Sous-titré Pédagogie straubienne, le Tombeau pour l’œil de Daney avait orienté pour longtemps le therrorisme seventiesdans le sens d’une ouverture double. Éducation sévère du spectateur et pensée du plan comme mémoire vivante des luttes, réserve souterraine (sourire enfoui), mouvement d’une parole qui s’envole et s’ensevelit alternativement. En bouclant ce cycle air / terre dans un espace où le cinéma n’embraie en dernière instance que sur lui-même, Costa isole le problème actuel : quelle radicalité pour les années 2000 ? Admirez la haute amitié qui attache J.-M. et D. à leur film, et le ballet qu’en leur honneur compose Où gît votre sourire enfoui ? Dans la piaule aux images, le cinéma se récupère et se remuscle, reconquiert une dureté théorique-et-pratique, une souveraineté formelle, une fraternité avec lui-même et avec ce qu’il peut, qu’ailleurs il n’a plus. Mais écoutez aussi les soupirs de D. et les râles de J.-M. qui a mille ans et fonce à chaque pause vers le couloir où perce un mince bout de ciel. Voyez tous ces héros dont les prouesses ne dissimulent pas une fatigue qui jour après jour va s’accroissant. Et voyez les moulinets énervés qu’aux secondes finales de Sicilia ! le rémouleur dédie au vaste monde. Dans cette piaule le cinéma rêve et trépigne encore, mais pour combien de temps, d’à nouveau franchir la porte pour regagner l’extérieur et se livrer à plus ample que lui.

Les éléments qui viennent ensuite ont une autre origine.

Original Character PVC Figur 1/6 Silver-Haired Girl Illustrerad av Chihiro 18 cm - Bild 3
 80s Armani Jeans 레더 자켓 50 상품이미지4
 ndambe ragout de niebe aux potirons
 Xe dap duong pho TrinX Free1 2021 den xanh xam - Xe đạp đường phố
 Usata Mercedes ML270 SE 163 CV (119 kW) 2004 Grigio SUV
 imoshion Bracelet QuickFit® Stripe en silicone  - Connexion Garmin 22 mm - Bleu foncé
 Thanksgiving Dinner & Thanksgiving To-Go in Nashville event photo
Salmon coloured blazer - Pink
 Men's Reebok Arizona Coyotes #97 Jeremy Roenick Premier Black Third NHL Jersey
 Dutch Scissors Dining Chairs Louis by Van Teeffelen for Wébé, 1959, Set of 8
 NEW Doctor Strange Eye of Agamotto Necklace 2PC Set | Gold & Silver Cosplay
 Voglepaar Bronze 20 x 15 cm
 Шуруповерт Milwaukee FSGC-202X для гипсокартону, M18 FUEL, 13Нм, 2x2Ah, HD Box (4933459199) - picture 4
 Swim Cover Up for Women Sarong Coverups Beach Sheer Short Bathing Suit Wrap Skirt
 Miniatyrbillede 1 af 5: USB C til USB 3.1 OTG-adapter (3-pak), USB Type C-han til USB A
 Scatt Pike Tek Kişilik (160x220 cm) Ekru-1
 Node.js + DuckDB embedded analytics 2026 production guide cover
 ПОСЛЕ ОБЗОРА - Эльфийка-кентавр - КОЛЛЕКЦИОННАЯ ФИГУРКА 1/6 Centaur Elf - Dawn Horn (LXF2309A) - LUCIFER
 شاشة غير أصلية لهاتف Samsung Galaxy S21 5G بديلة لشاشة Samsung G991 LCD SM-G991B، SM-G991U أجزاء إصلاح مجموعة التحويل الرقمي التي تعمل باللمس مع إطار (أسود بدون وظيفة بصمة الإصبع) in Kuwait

Relogement provisoire ou tombeau ? Bunker pour perfectionner fusils, mitrailles et grenades en vue d’une guerre imminente ? Ou séjour ultime d’un art voué au solipsisme et à l’inventaire éternel de son antique trésor ? Aux films qui viennent, Costa, via Straub (via Daney), confie mission d’œuvrer dans la fracture de ce cruel montage.